---------- Task inputs
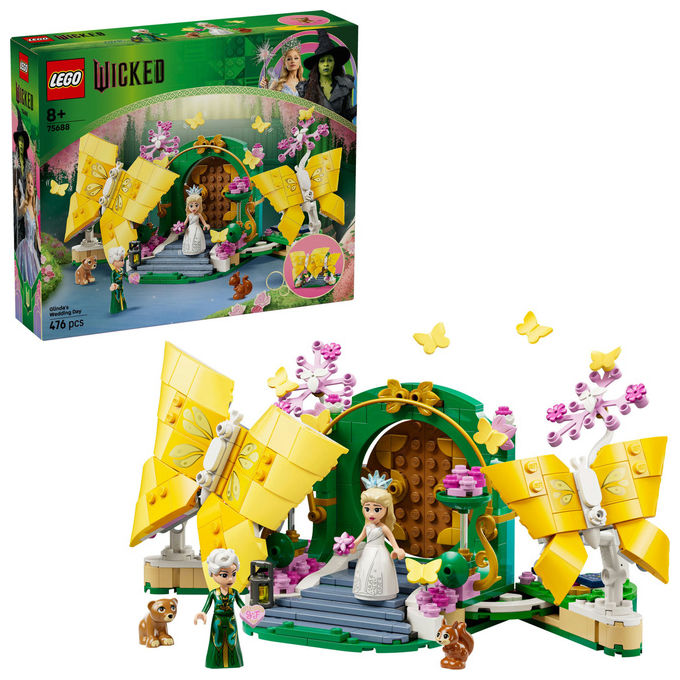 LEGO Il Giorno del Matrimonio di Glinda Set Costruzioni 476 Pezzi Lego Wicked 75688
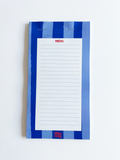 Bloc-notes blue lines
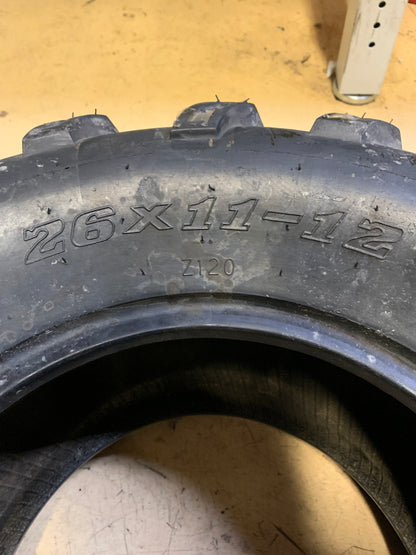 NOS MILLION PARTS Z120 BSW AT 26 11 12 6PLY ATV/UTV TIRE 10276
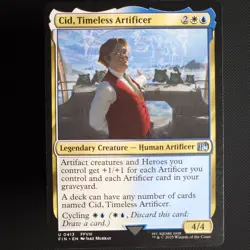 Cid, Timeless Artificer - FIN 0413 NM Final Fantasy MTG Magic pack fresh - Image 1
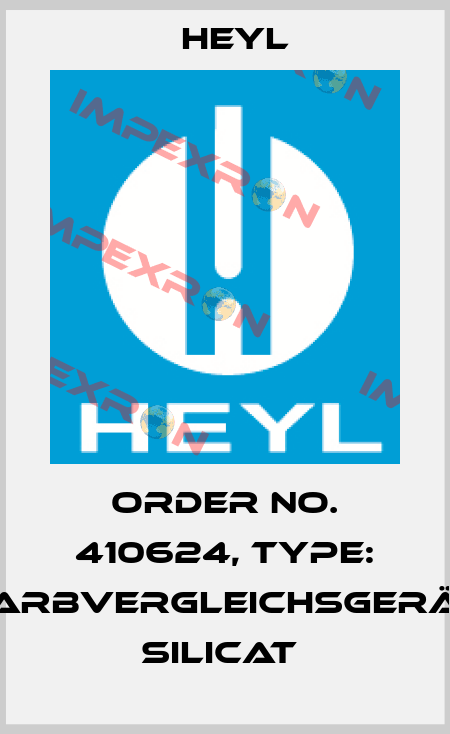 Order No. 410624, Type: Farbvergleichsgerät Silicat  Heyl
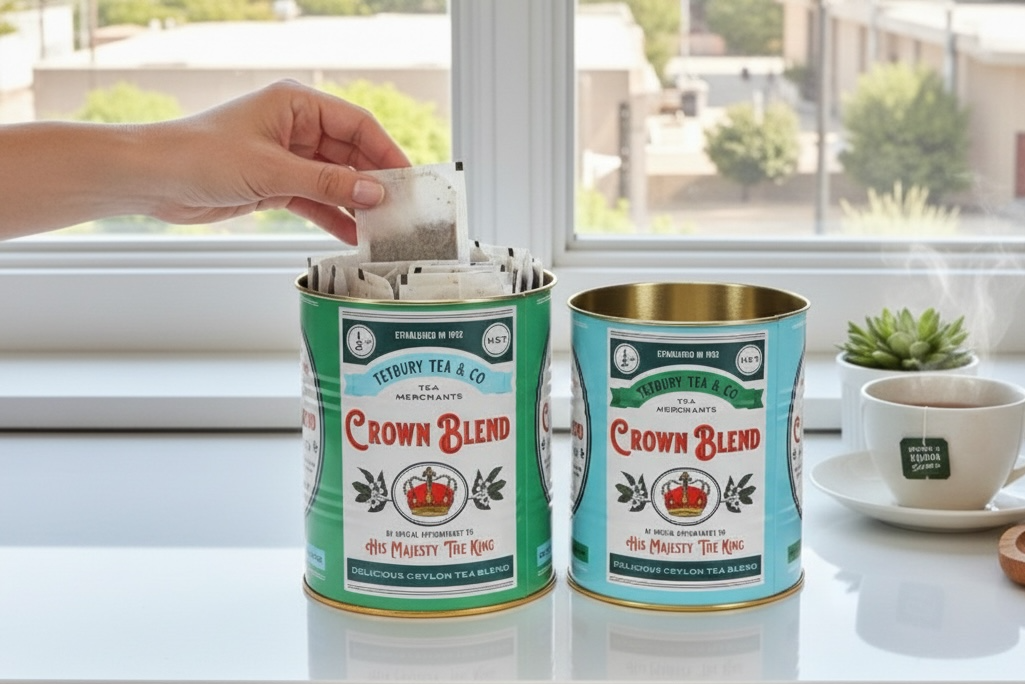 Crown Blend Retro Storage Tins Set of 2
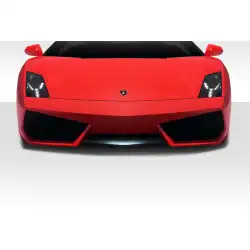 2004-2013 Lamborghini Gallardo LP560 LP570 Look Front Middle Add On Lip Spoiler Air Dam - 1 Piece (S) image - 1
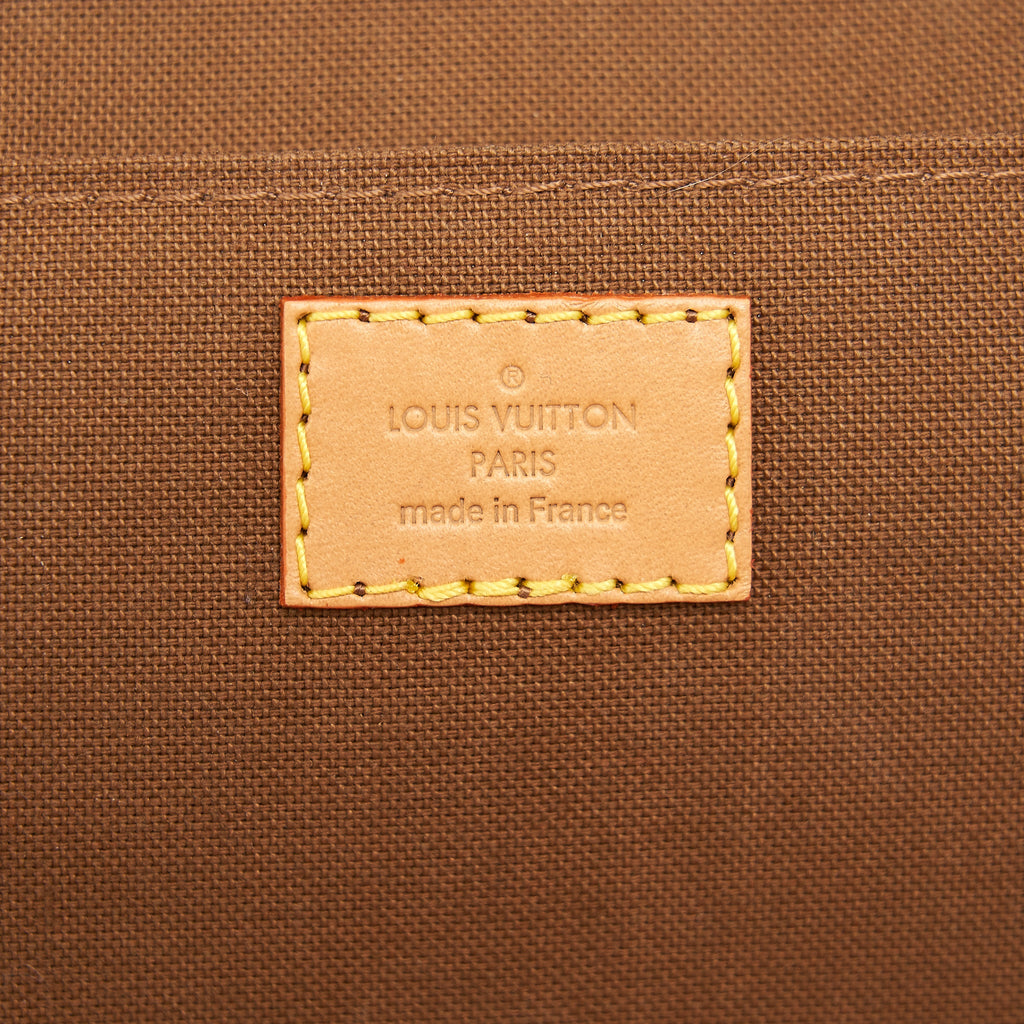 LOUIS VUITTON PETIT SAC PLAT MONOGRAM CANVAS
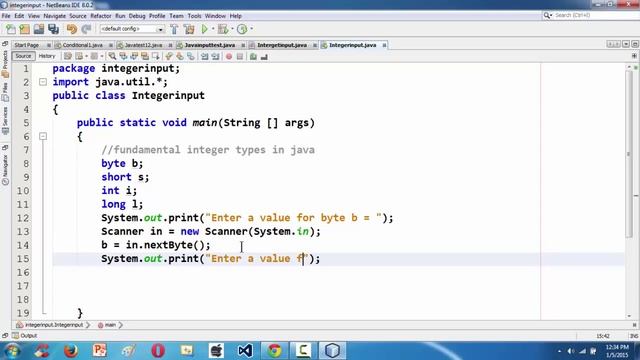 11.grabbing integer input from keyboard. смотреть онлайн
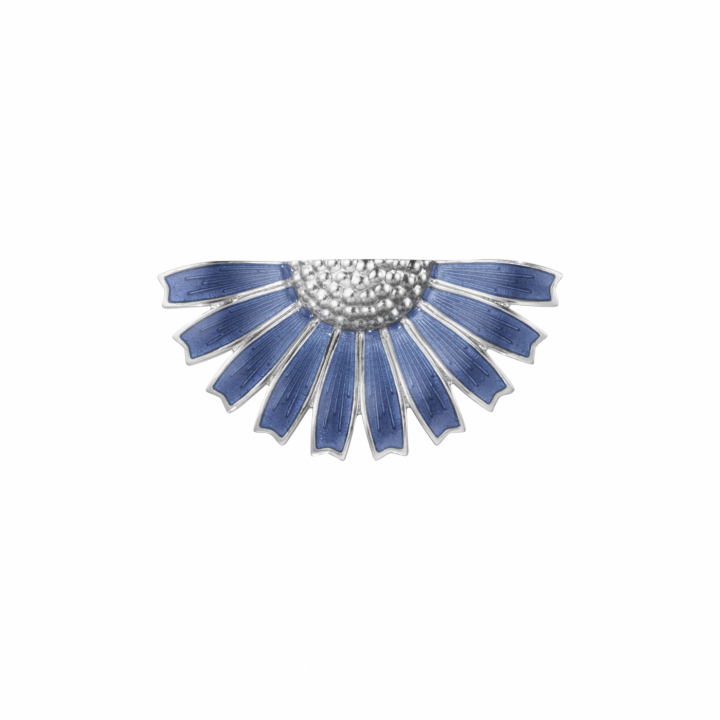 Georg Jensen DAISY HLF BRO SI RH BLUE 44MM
--------------------
_Task to carry out_. Send back the data above verbatim, leaving out its pictures.

_Expected answer_.
 LEGO Il Giorno del Matrimonio di Glinda Set Costruzioni 476 Pezzi Lego Wicked 75688
 Bloc-notes blue lines
 NOS MILLION PARTS Z120 BSW AT 26 11 12 6PLY ATV/UTV TIRE 10276
 Cid, Timeless Artificer - FIN 0413 NM Final Fantasy MTG Magic pack fresh - Image 1
 Order No. 410624, Type: Farbvergleichsgerät Silicat  Heyl
 Crown Blend Retro Storage Tins Set of 2
 2004-2013 Lamborghini Gallardo LP560 LP570 Look Front Middle Add On Lip Spoiler Air Dam - 1 Piece (S) image - 1
 LOUIS VUITTON PETIT SAC PLAT MONOGRAM CANVAS
 11.grabbing integer input from keyboard. смотреть онлайн
 Georg Jensen DAISY HLF BRO SI RH BLUE 44MM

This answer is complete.